Problem description: From the listing below, retype exactly the line holding "ЛСД экстази кислота", the line holding "淘特购物app下载安装", and the lines between them; skip everything else.

Given records:
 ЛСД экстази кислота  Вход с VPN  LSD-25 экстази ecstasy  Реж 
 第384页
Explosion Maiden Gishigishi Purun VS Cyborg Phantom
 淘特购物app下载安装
* * *
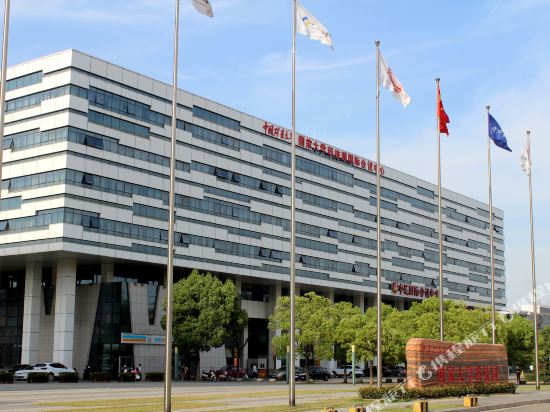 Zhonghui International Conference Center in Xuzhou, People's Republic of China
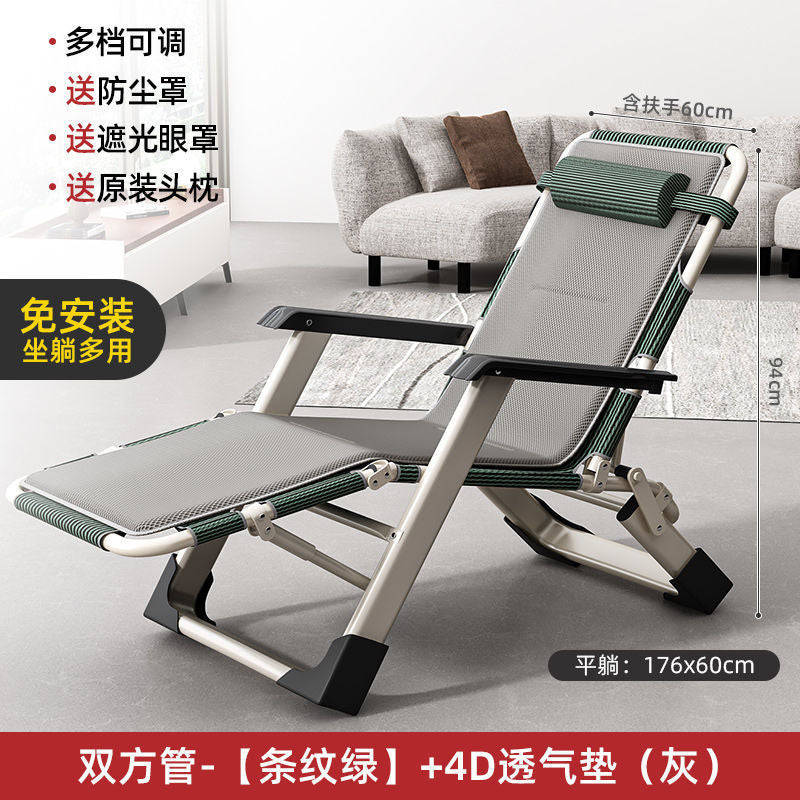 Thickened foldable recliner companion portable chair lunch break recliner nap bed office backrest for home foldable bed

Your solution:
 ЛСД экстази кислота  Вход с VPN  LSD-25 экстази ecstasy  Реж 
 第384页
Explosion Maiden Gishigishi Purun VS Cyborg Phantom
 淘特购物app下载安装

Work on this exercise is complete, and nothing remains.